Armour: The unexpected hero of the 1968 World Series

From SABR member Mark Armour at The National Pastime Museum on October 9, 2017:

Has there ever been a World Series in which the two biggest stars in baseball were the starting pitchers in Game 1 (and potentially Games 4 and 7)? I maintain that it happened just once—appropriately enough, in 1968. The Year of the Pitcher.

As it happens, this was my first World Series. I had become a fan that summer, and I still recall my sadness listening to the final Red Sox game on the radio and realizing that I would have six months to wait for the next one.

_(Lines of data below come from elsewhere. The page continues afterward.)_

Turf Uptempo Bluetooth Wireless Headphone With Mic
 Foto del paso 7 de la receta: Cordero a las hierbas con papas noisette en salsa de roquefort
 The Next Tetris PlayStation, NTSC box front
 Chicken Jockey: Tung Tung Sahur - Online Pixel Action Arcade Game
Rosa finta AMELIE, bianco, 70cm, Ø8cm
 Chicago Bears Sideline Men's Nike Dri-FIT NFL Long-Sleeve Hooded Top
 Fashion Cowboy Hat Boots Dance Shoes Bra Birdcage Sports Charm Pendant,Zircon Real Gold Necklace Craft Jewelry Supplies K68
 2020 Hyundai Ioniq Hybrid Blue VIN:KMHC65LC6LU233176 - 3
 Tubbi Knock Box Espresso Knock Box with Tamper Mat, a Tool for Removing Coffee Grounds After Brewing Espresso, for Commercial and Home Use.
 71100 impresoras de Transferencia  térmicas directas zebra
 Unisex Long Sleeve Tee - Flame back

I was nearly eight, and the pattern of my baseball life had begun. Delaying the offseason just a bit, there was this World Series thing, so I figured I might as well watch.

The 1968 World Series pitted the AL champion Tigers and the NL champion Cardinals. There were no playoffs—the regular season ended on Sunday and the Series started on Wednesday afternoon. All games took place in the afternoon. I had to rush home from third grade to see the five weekday games. I rooted for the American League.

The story of the 1968 baseball season was tremendous pitching or, if you prefer, terrible hitting. There were countless individual pitching achievements—no-hitters, shutout streaks, strikeouts—but the two biggest baseball stories, and baseball stars, were Denny McLain and Bob Gibson. The two men could not have been more different: McLain was brash and cocky, craving his newfound attention. Gibson was all glare and didn’t seem to care if anyone liked him (though his teammates did).